From time to time I wonder at the marvelous processes that drive the inner works of this fine planet and how it all, so neatly, seems to fit into an amazing pattern. During this past week, with the advent of Noel on our fine beaches, I had occasion to venture to Peggy’s Cove. It is one of my favourite places on Earth. And every time I venture out I find something new to marvel at.

Watching the surf pound itself into oblivion wave after wave is a perfect way to while away the hours. The rocks around Peggy’s have been next to water in some way or another for more than one half a billion years. The continents have been drifting about the face of the Earth for nigh on four-and-half-billion years and show no sign of stopping that process. The reason is that a scant 100 kilometres beneath my feet and that roiling ocean the Earth is hot, incandescent and plastic. This mantle’s movement is what drives what we call plate tectonics.

I remember hearing about a project back in the sixties, whose purpose was to drill a hole through the crust to the mantle of the Earth, to the hot magma, product of radioactive decay, and tap into a free, pollutionless, endless source of energy. I remember wondering why it was abandoned and why we headed off to the moon. It was at the same and would have born infinitely more fruit and so much less expensive as well. That project was called the Moho project.

You see the crust is primarily made of of a oxidized compounds of silicon and calcium and carbon and is by and large poor in metals. The mantle on the other hand is rich in metals like iron and nickel. The places on the crust where we do find an abundance of heavy metal deposits, chances are it was created by an impact that dredged up the elements from the mantle.

In addition to metals there is also the thermal boon, the limitless quantities of heat that we could tap into to drive our turbines and engines. We could pump water into the hole and it would vapourize and be the motive to generate electricity. Clean, limitless and would never shut down, pollute or end.
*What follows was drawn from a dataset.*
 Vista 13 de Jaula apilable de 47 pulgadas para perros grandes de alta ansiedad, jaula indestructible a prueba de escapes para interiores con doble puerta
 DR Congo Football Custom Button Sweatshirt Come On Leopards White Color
Like the waves pounding against the rocks, we keep pounding away at fossil fuels and close our eyes to the wonders that lie so close and yet so far away. Imagine a clean world of hydrogen cars, where thermal power would drive the fractionation plants that would create the clean fuels for almost any process we could think of. And the waste? Water. Clean pure and ready to be released back into the ecosystem.

Now that is a footprint I would like to have.